Monday, November 2, 2020
Griffon - Ὸ θεὀς ὸ βασιλεὐς (2020)
Part of this is the seamless production, which is leveling out everything from the spacious choirs, French spoken word, pianos, strings, sparkling leads and harmonies, and then the over the top rasps of Aharon which transcend their own hideousness as a sort of cradle of primacy from which the more elegant tones bloom. There's a lot of melancholy and somber grace which carry the moods of the note choices, there isn't much of an evil vibe to the material so much as there is a sort of searing paean to the tragedies of antiquity. The guitars are rich with riffing of all styles, from black tremolo picking to more punchy power or progressive metal sequences; and you could even feel that they'd entertain regardless of whether all the other elements of the band's orchestration were absent other than the intense drumming and vocals. But neither does it hurt the material whatsoever that it is so saturated with the airiness of the symphonics which are often complimenting the guitars on a note-for-note basis.

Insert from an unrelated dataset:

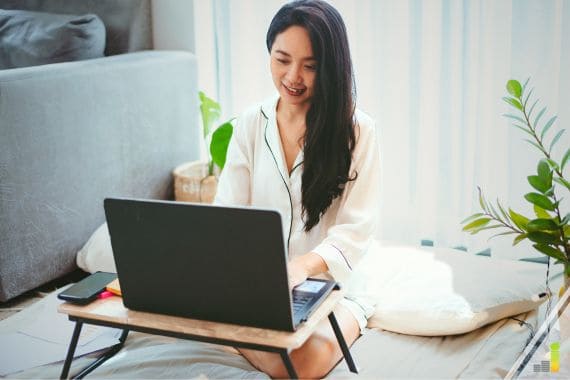 Do you often need extra money but think there's no way to meet your needs? Here are 23 side hustles that pay weekly to put more cash in your pocket.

The album feels just right at around 40 minutes, with only one track that is pure interlude ("..et Praetera Nihil"), and even that one feels lush with its fluttering flutes and eerie, somber male choirs. Nothing ever feels tacky or overblown despite the sheer variety, and I'd say this might be the greatest attempt at a sort of 'neo-classicist' black metal I've heard on the French scenes. Where they've got their avant-garde exemplars and a strong wave of Renaissance or Medieval themed black metal outfits, and a few that check the boxes for other sub-strains of the genre, Griffon sounds rather refreshing and unique, and when it comes to proficiency and production they really have it all down pat on what is only their sophomore full-length, with much more to offer than 2016's Har HaKarmel, which was on its own already a fairly accomplished formidable debut, and sets up the material here even with its slightly less polished approach. But Ὸ θεὀς ὸ βασιλεὐς is simply next level, and offers earned rewards with each repeated listen, with enough of an identity that it stands alongside but apart the major names in symphonic European black metal.